Apart from the images, reproduce every record word for word.

* [Exercise inputs]:

________________________

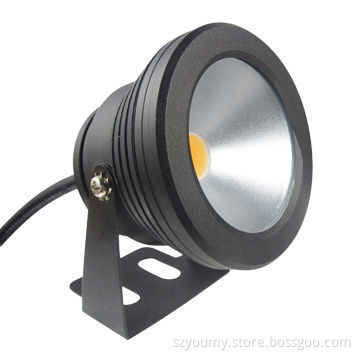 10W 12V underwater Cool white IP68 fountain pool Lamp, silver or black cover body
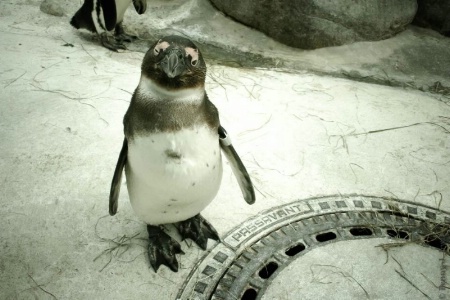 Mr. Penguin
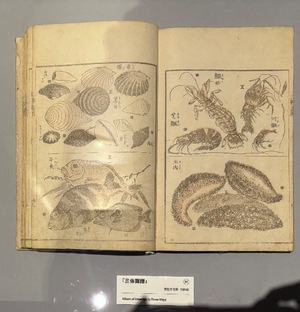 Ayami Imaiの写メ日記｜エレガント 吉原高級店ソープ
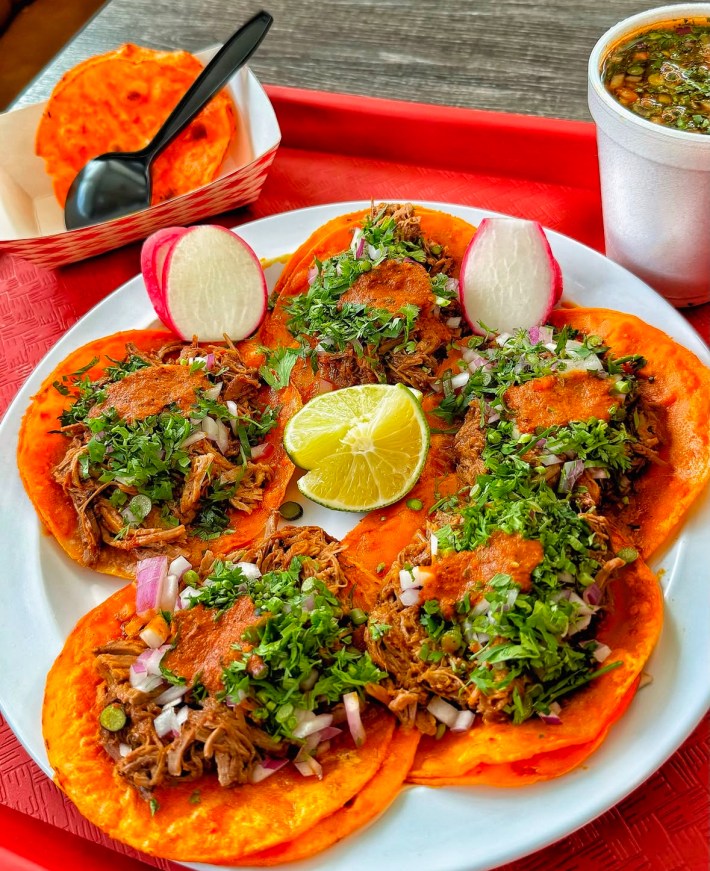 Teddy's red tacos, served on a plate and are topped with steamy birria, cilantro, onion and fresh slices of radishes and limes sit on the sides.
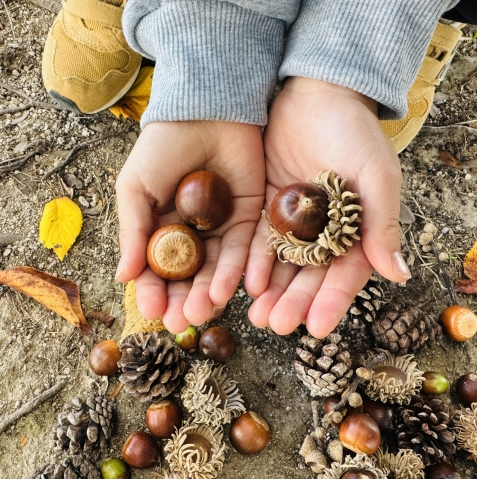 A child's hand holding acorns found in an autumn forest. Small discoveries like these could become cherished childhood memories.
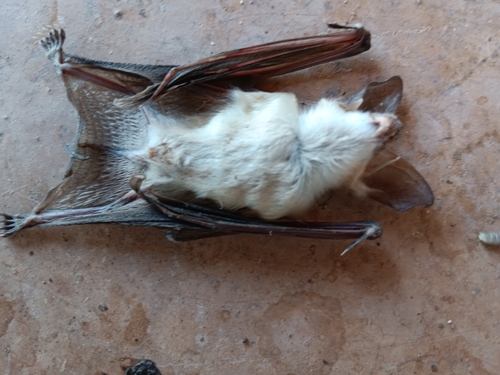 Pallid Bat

________________________

* [Answer to the exercise]:
 10W 12V underwater Cool white IP68 fountain pool Lamp, silver or black cover body
 Mr. Penguin
 Ayami Imaiの写メ日記｜エレガント 吉原高級店ソープ
 Teddy's red tacos, served on a plate and are topped with steamy birria, cilantro, onion and fresh slices of radishes and limes sit on the sides.
 A child's hand holding acorns found in an autumn forest. Small discoveries like these could become cherished childhood memories.
 Pallid Bat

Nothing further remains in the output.